Problem details> Nothing outside the lines below from the one containing "Maison modulaire en" through the one containing "3Pcs/Box 12 Styles" is to be printed; print those exactly, ends included, and drop the pictures.

Dataset records>
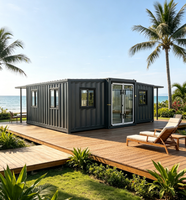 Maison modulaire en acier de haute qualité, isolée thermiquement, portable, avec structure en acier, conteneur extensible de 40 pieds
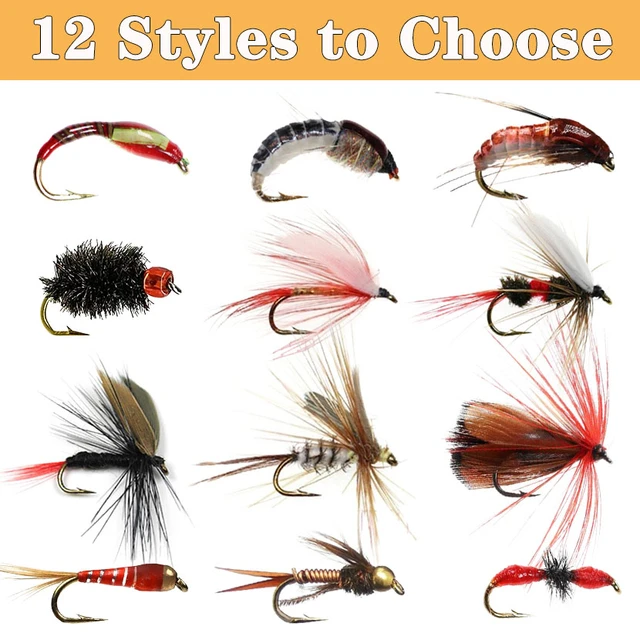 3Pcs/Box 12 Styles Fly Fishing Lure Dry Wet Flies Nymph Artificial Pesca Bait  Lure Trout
...
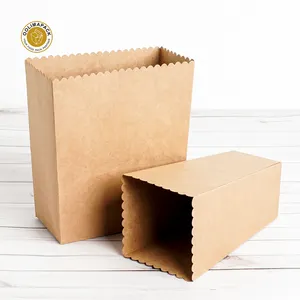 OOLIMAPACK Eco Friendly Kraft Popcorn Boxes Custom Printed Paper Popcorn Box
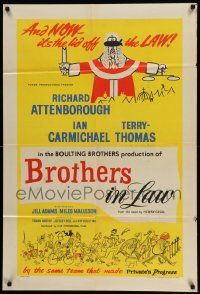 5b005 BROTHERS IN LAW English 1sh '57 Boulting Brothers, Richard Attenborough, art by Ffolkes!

Your solution>
 Maison modulaire en acier de haute qualité, isolée thermiquement, portable, avec structure en acier, conteneur extensible de 40 pieds
 3Pcs/Box 12 Styles Fly Fishing Lure Dry Wet Flies Nymph Artificial Pesca Bait  Lure Trout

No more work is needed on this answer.